Laying Hen End-of-Lay Welfare
The end of lay — when laying hens are removed from production — represents one of the most welfare-significant events in a laying hen's life. Depopulation, transport, and slaughter involve significant stress, and the welfare of spent hens is an important ethical consideration in egg production.
Depopulation Welfare
Catching and loading laying hens for transport is physically demanding and potentially injurious to the birds. Mechanical harvesting systems can reduce handling time but require appropriate design to minimise injury. Manual catching — the most common method — requires trained staff using correct techniques to minimise wing and leg injuries.
Catching at night (when birds are calmer, lighting conditions can be controlled, and thermal stress risk is lower) reduces stress compared to daytime depopulation. Good communication between catching teams, supervisors, and vehicle drivers ensures efficient movement that minimises standing time in transport vehicles before departure.
Transport Welfare
End-of-lay hens are physiologically different from younger birds — they have reduced bone strength (from calcium demands of laying), depleted muscle mass, and compromised immune status.
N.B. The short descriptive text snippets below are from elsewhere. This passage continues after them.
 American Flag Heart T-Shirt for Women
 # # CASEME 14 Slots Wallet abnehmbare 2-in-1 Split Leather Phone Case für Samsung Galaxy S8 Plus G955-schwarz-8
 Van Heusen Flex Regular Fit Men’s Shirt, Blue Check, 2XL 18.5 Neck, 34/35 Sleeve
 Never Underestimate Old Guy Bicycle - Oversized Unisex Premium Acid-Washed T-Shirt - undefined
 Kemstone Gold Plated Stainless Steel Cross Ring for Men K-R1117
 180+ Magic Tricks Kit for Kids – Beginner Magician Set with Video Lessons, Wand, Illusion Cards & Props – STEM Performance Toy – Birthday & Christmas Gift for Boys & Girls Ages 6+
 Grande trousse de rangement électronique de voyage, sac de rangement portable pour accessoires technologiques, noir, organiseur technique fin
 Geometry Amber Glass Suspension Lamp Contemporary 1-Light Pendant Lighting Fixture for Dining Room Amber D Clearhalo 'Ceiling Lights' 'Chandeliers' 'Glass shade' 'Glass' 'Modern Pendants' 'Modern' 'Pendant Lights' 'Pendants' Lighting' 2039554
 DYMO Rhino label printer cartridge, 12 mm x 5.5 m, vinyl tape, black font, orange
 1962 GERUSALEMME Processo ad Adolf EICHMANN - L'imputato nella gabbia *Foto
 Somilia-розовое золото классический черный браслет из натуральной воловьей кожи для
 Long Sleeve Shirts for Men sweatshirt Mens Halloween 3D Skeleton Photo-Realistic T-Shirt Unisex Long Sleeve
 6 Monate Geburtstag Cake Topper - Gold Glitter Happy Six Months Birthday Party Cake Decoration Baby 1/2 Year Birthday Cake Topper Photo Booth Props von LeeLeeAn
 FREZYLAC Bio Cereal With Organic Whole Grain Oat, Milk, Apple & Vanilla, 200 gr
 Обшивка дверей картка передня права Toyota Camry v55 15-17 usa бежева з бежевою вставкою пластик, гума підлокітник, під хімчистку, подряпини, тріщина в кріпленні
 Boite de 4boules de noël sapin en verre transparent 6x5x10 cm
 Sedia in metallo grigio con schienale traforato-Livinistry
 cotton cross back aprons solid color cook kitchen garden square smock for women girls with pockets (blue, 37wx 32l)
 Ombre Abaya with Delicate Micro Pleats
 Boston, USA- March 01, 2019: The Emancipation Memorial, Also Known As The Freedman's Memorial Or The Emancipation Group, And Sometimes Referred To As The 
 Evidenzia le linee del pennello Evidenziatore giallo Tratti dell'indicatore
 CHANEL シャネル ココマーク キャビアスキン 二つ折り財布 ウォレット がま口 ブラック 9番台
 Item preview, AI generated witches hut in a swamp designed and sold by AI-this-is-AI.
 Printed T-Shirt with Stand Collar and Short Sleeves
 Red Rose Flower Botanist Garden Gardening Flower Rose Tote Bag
They are more vulnerable to transport stress, injury, and temperature extremes than younger, healthier birds. Transport duration should be minimised, and vehicle loading density adjusted to account for their fragility.
Mortality during transport and dead-on-arrival rates at slaughter are welfare indicators that should be routinely monitored and acted upon when elevated.
Slaughter Welfare
Water bath stunning systems — the most common commercial poultry slaughter method — present welfare challenges for conscious birds entering the stun bath. Low-atmospheric pressure stunning (LAPS) and controlled atmosphere killing (CAK) using inert gases are welfare improvements over water bath stunning for some welfare metrics, though evidence on each is nuanced.
On-farm killing (using LAPS or CO2 systems) is an alternative to live transport for spent hens where transport is particularly stressful or when markets do not exist for spent hen meat, though the economic drivers around spent hen processing are complex.
Economic and Ethical Context
Spent hen meat has lower market value than broiler meat, creating economic pressure that can compromise welfare investment during end-of-lay processing. Developing markets for spent hen products and increasing efficiency of humane slaughter systems provides the economic foundation for welfare improvement.